**Description of the task**
Where an image appears, leave it out; otherwise repeat the data exactly.
───── Listed records ─────
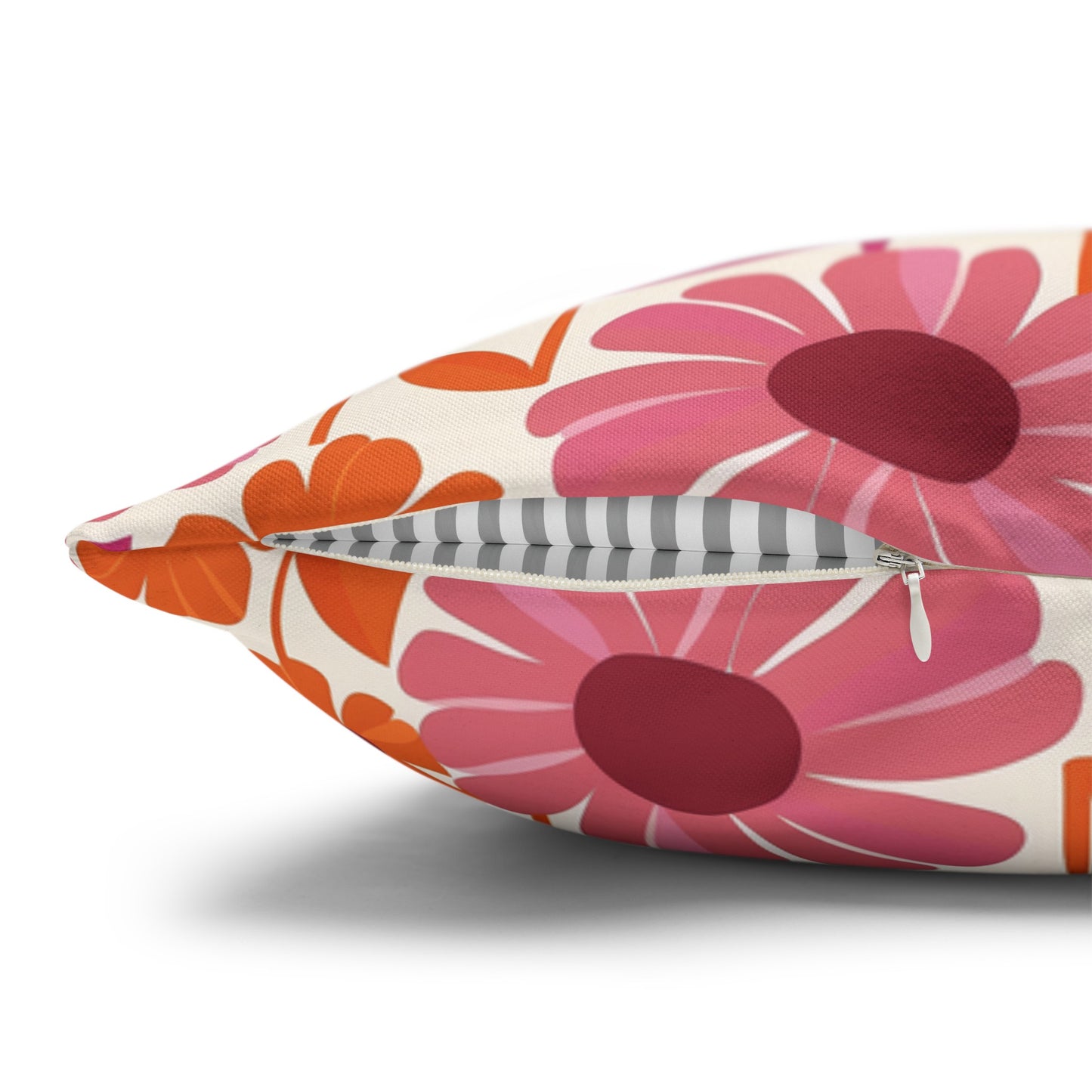 Retro Floral Bliss with Bold Pink and Orange Flower Design Spun Polyester Square Pillowcase 4 Sizes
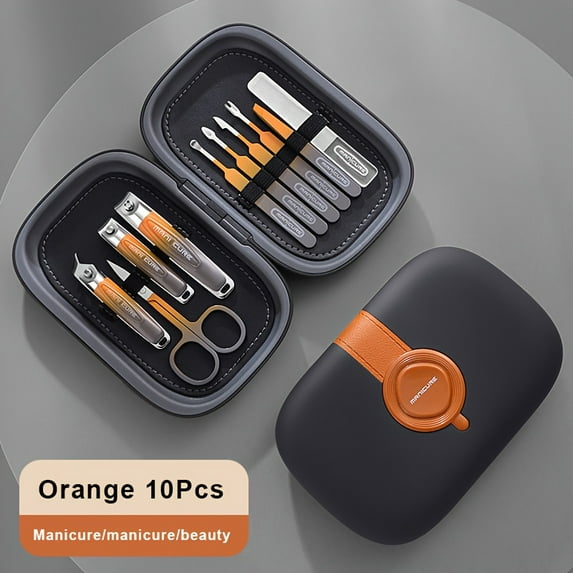 9Pcs Professional Nail Clipper Set Beautifully Packaged Travel Kit Nail Clipper Set Portable Complete Second Opening Nail Art To (Orange)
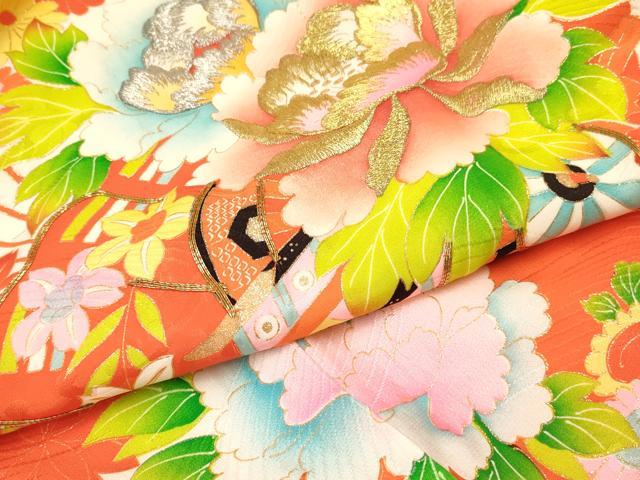 平和屋着物[]お宮参り　女の子　祝着　産着　初着　のしめ　駒刺繍　檜扇御所車飛鶴花文　金彩　逸品　DABC5016ma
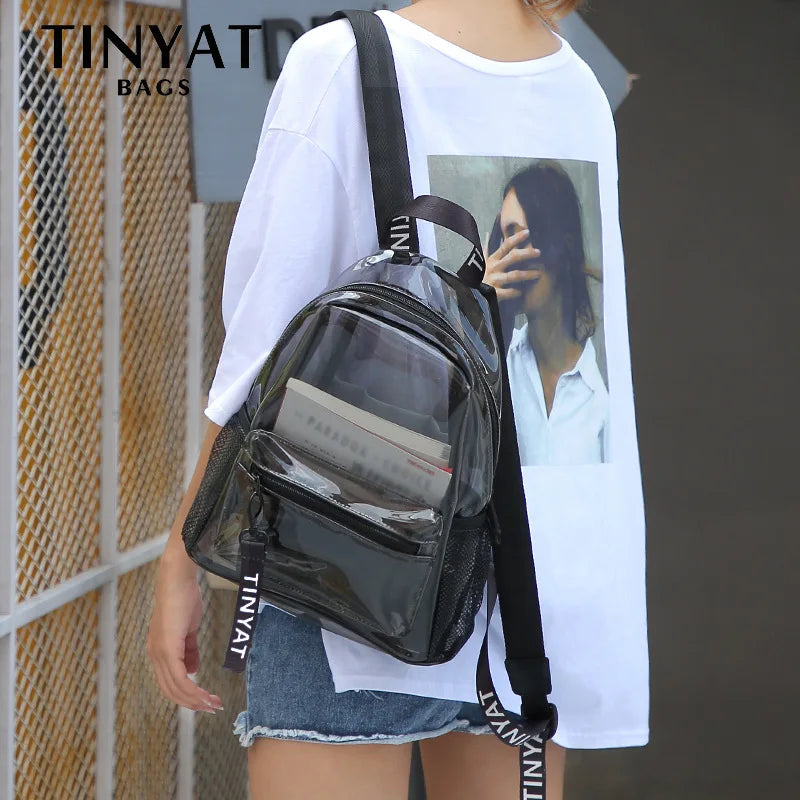 Transparent PVC Jelly Backpack Water-repellent Beach Bag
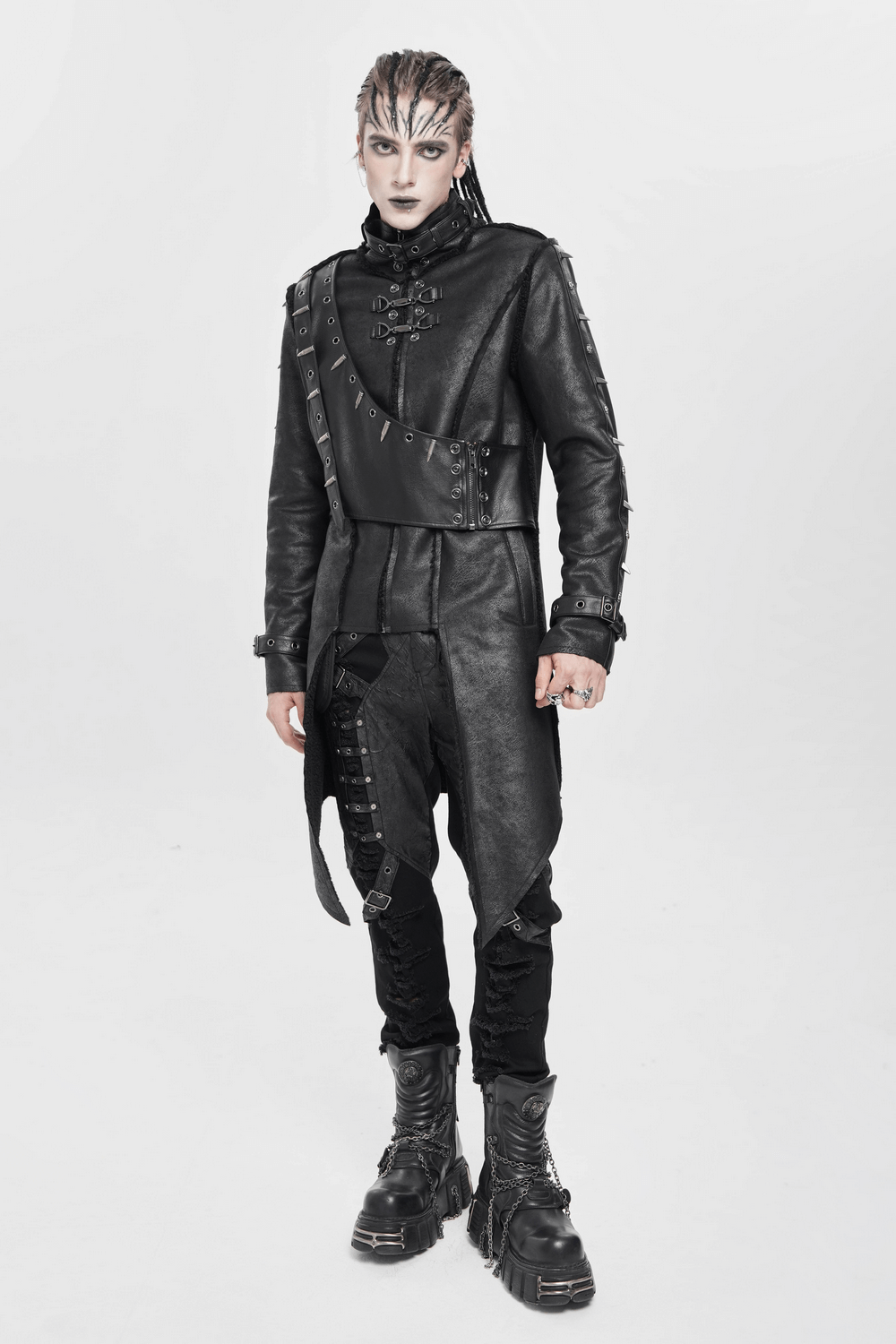 Gothic Military Long Coat with Spiked Shoulders and Straps worn by a model, showcasing a bold gothic style.
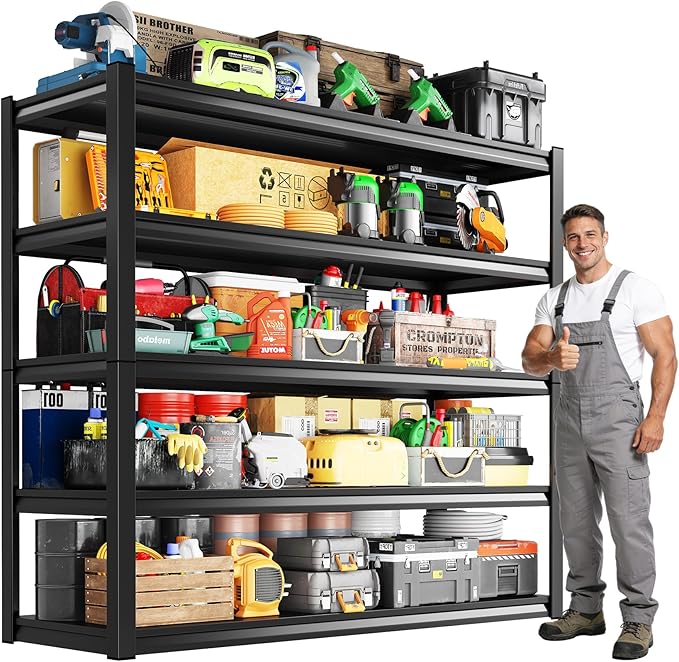 Garage Shelving, 5-Tier Garage Storage Shelves, 2000LBS Heavy Duty Shelves, 72" H x 59" W x 19.6" D Metal Shelving Unit, Utility Adjustable Storage Shelf for Warehouse, Basement, Closet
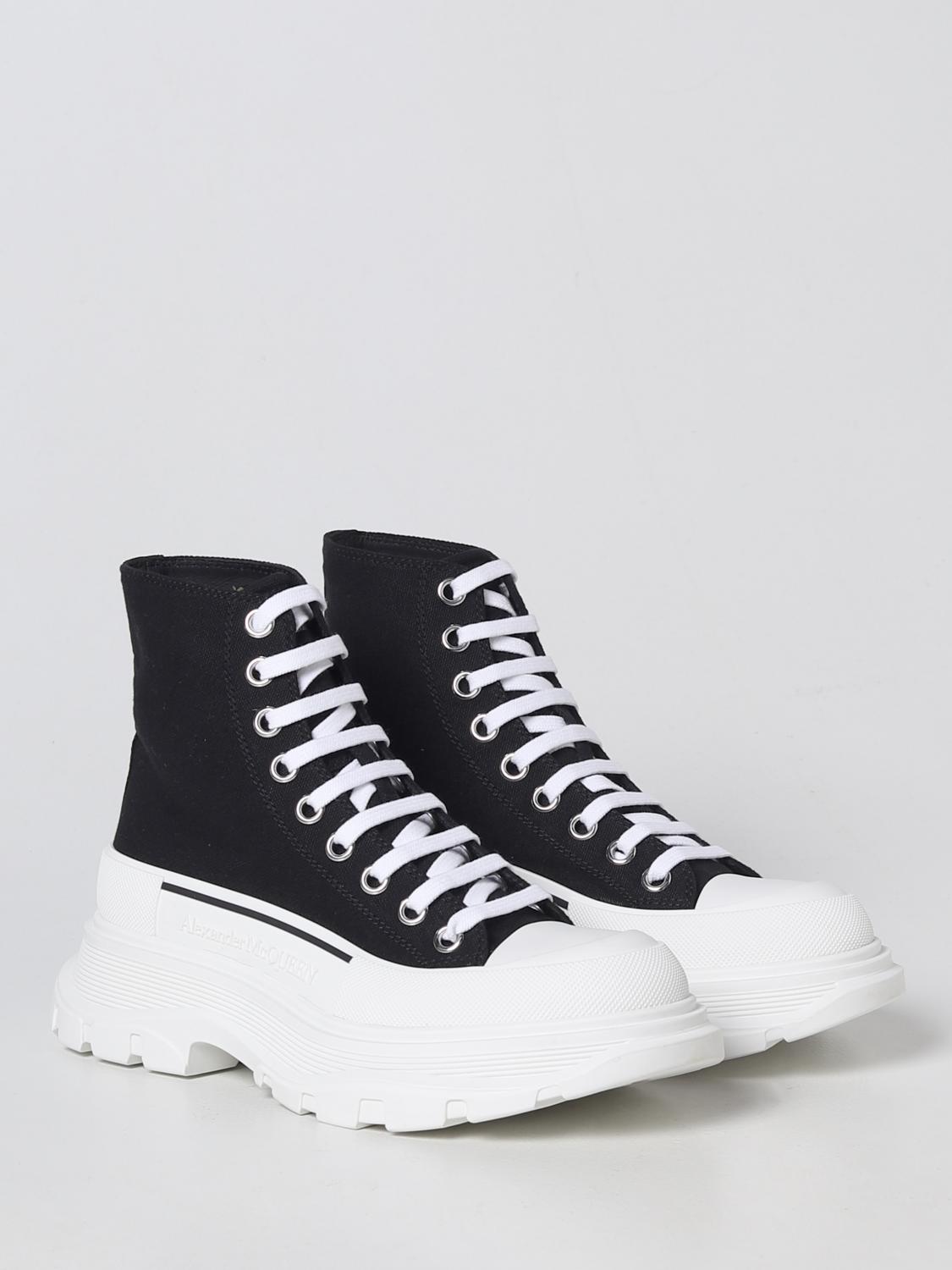 MCQUEEN FLACHE STIEFELETTEN: Stiefel damen McQueen, Schwarz 1 - Img 2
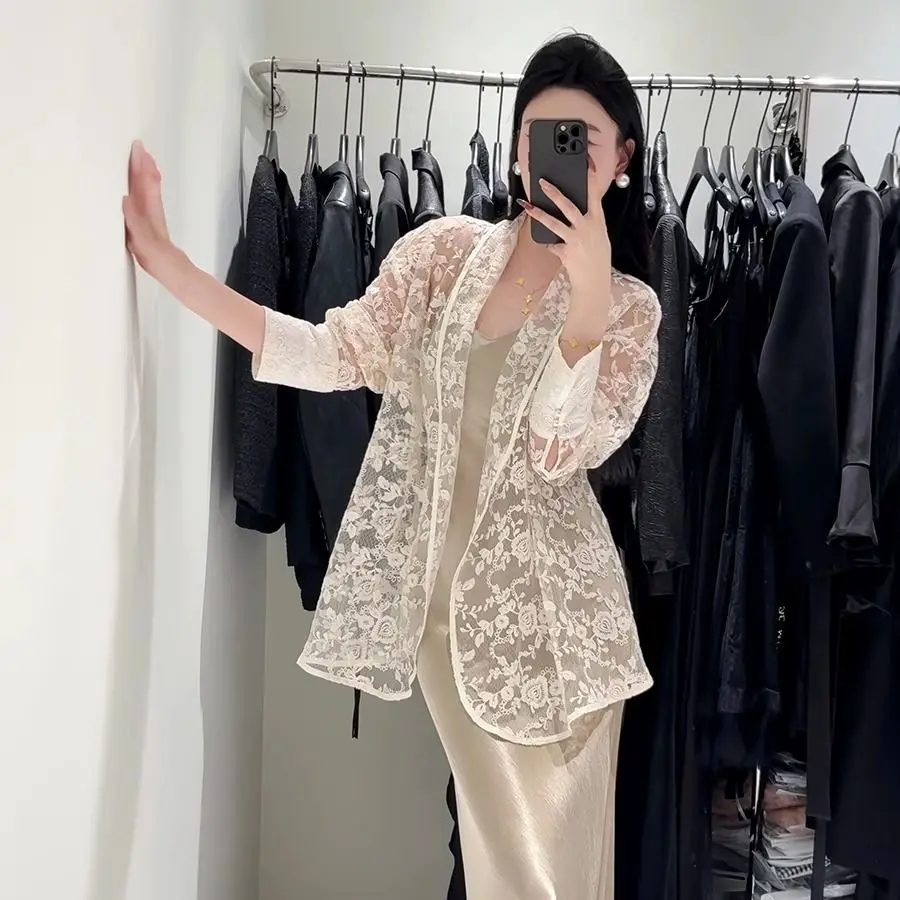 

Модный женский весенне-летний новый корейский кружевной пиджак, высококачественное платье-бретелька, комплект из двух предметов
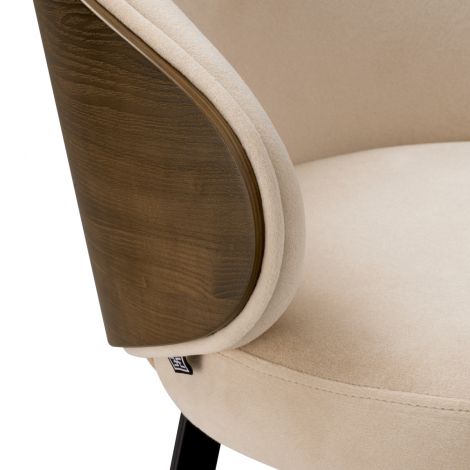 Bar Stool Camerota walnut veneer sabino beige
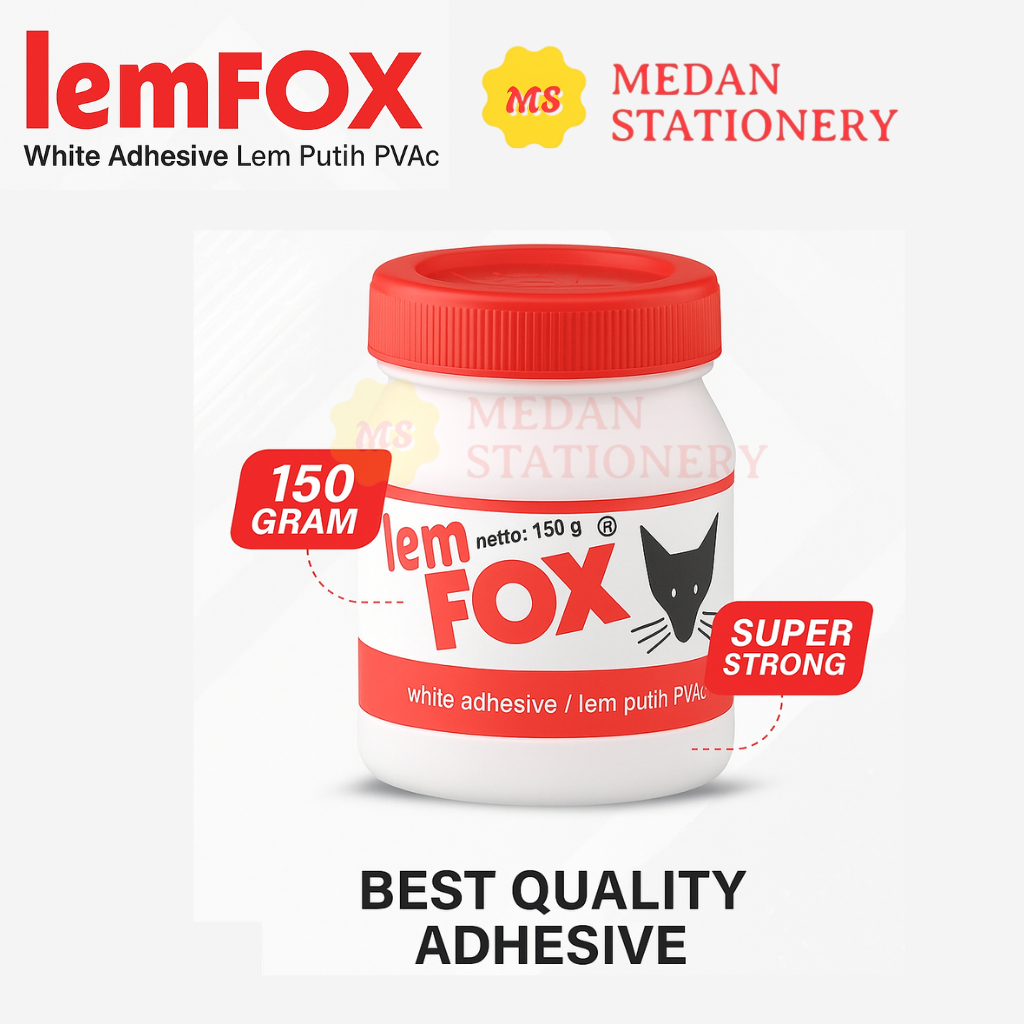 

LEM FOX 150 GRAM BOTOL MERAH ORIGINAL LEM KERTAS SERBAGUNA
─────
**Solution below**
 Retro Floral Bliss with Bold Pink and Orange Flower Design Spun Polyester Square Pillowcase 4 Sizes
 9Pcs Professional Nail Clipper Set Beautifully Packaged Travel Kit Nail Clipper Set Portable Complete Second Opening Nail Art To (Orange)
 平和屋着物[]お宮参り　女の子　祝着　産着　初着　のしめ　駒刺繍　檜扇御所車飛鶴花文　金彩　逸品　DABC5016ma
 Transparent PVC Jelly Backpack Water-repellent Beach Bag
 Gothic Military Long Coat with Spiked Shoulders and Straps worn by a model, showcasing a bold gothic style.
 Garage Shelving, 5-Tier Garage Storage Shelves, 2000LBS Heavy Duty Shelves, 72" H x 59" W x 19.6" D Metal Shelving Unit, Utility Adjustable Storage Shelf for Warehouse, Basement, Closet
 MCQUEEN FLACHE STIEFELETTEN: Stiefel damen McQueen, Schwarz 1 - Img 2

Модный женский весенне-летний новый корейский кружевной пиджак, высококачественное платье-бретелька, комплект из двух предметов
 Bar Stool Camerota walnut veneer sabino beige

LEM FOX 150 GRAM BOTOL MERAH ORIGINAL LEM KERTAS SERBAGUNA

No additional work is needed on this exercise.